Enquanto Gabriel sonhava alto - “Já pensou se alguém leva a gente pra jogar lá fora?” - Guilherme confessou que outra paixão ocupa seu coração além dos games: “Só se eu não desse certo no futebol, né? Porque é uma coisa que eu amo!”, me contou o santista, que deu um sorriso de orelha a orelha quando disse a ele que o Santos possui times de Counter-Strike: Global Offensive.
E caso eles se tornassem pro players, como suas famílias reagiriam? Cada um me deu uma resposta e, enquanto um falava, os outros logo concordavam.

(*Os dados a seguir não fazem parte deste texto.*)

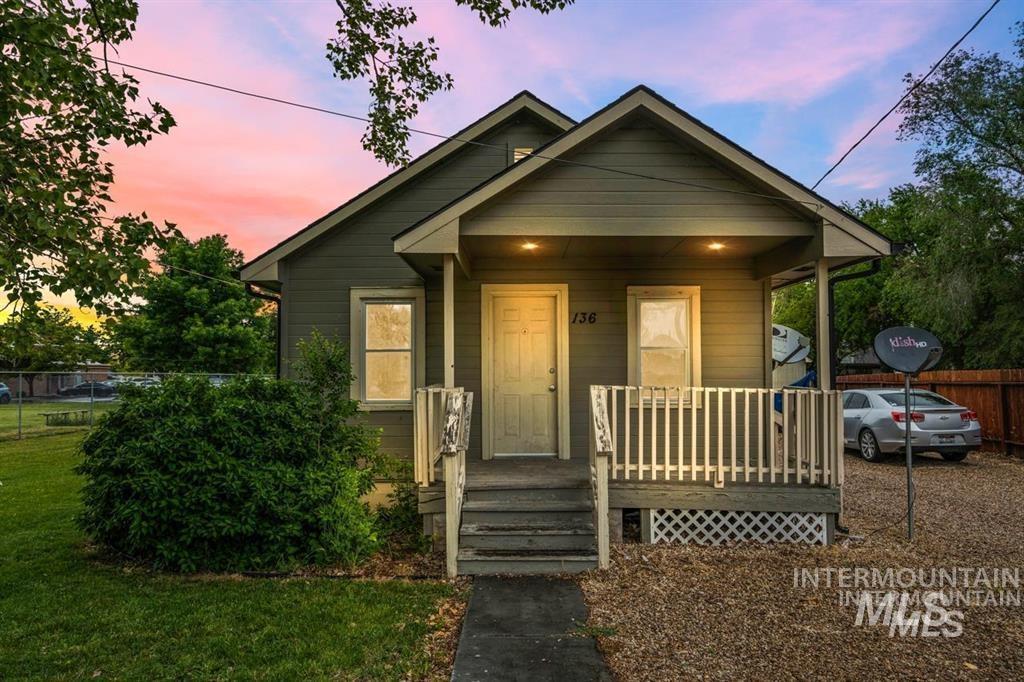 View of front of property with a porch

“Acho que meu pai não ia brigar comigo desde que eu não parasse os meus estudos. Isso é muito importante pra ele”, contou Guilherme.

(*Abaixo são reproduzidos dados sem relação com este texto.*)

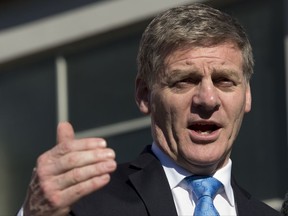 In this Aug. 24, 2017 photo New Zealand Prime Minister Bill English gestures during a speech in Christchurch, New Zealand. The main conservative and liberal parties are competing to form a government after an election last month ended with an inconclusive result. Crucial to the negotiations is the small New Zealand First party, led by maverick lawmaker Winston Peters.(AP Photo/Mark Baker)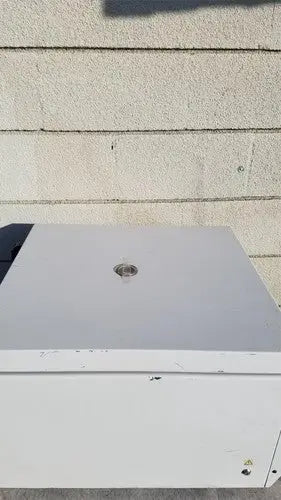 White rectangular beckman coulter spinchron dlx benchtop centrifuge outdoor unit with circular top vent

“Acho que se eu tivesse a chance de ir lá pra fora jogar campeonato, meu pai apoiaria e eu aproveitaria para representar minha origem. Eu venho de uma quebrada pobre, pra chegar naquele lugar, não teria sido fácil, então eu ia querer representar minha origem!”, disse Diogo, o mais velho, que logo inspirou os outros garotos.
“Eu ia representar o Peri, o lugar onde eu cresci. Se alguém me perguntasse ‘Você tem orgulho do lugar onde nasceu?’, eu ia falar ‘Tenho!’. Tenho orgulho de ter tido um CCA que me acolheu, minha família, meu pai que luta para ganhar as coisas pra mim”, disse Guilherme, no alto de sua sabedoria... Com apenas 12 anos de idade.
“Eu acho muito bom a gente estar aqui no CCA, sabe?”, respondeu Bernardo enquanto me olhava nos olhos com um semblante sério. “A gente podia estar aí no mundo, fumando, fazendo um monte de coisa errada, mas a gente tá aqui. Não só jogando CS, mas aprendendo.”
“Aprendendo o que é certo”, emendou Diogo na fala de Bernardo. “Muita gente desvaloriza o jogo de tiro, fala ‘Ele tá jogando isso, amanhã ele tá matando’, mas não é isso. Se uma pessoa tem raiva, por exemplo, ela vai se distrair jogando, não é como uma pessoa que fuma, que vai perder o tempo da vida dela fumando. Com o jogo, ela poderia esquecer o fumo pouco a pouco.”
É incrível como estes jovens não estão alheios às suas realidades, tendo certeza de quem são, o que querem e como podem perseguir seus sonhos. Em um mundo no qual se discute tanto sobre privilégios e meritocracia, eu espero que eles consigam oportunidades de mostrar sua força e que tenham apoio para jamais desistir de seus objetivos.
GGWP
Sem Luiz, talvez nem todas as crianças e adolescentes teriam a oportunidade de conhecer o Counter-Strike, sonhar com os esports, ou ao menos ter consciência de que até os sonhos mais loucos - desde ser um pro player até seguir outras profissões - podem se tornar realidade.
Quando terminei de entrevistar o Luiz, disse que ele poderia deixar uma mensagem final, se quisesse. Espero que o recado do orientador inspire outras pessoas como me inspirou... E não apenas no jogo, mas também na vida:
“Eu fiz aquele post com o intuito de mostrar para as pessoas que elas podem melhorar os esports, porque a comunidade de CS, por exemplo, é muito tóxica, machista, homofóbica e racista. Só de você não ser tóxico, de acompanhar, de comprar uma camiseta do seu time, isso já é melhorar o esport que você ama. Você não precisa dar aula pra crianças, só deixe no jogo um ambiente pacífico. Pra comunidade, o que tenho a dizer é: sejam melhores. Não precisa hatear o cara se ele errou dentro de jogo!”
“Muito obrigado a todos que curtiram meu post no Facebook. Se não fosse por vocês, nada disso estaria acontecendo, ninguém ia olhar. E ao CCA e às crianças, eu não sei nem o que falar, não sei como agradecer. Eles me ensinam todos os dias a buscar coisas melhores para eles, para mim, para tudo, sabe?”
Sabemos, Luiz. E agradecemos a lição.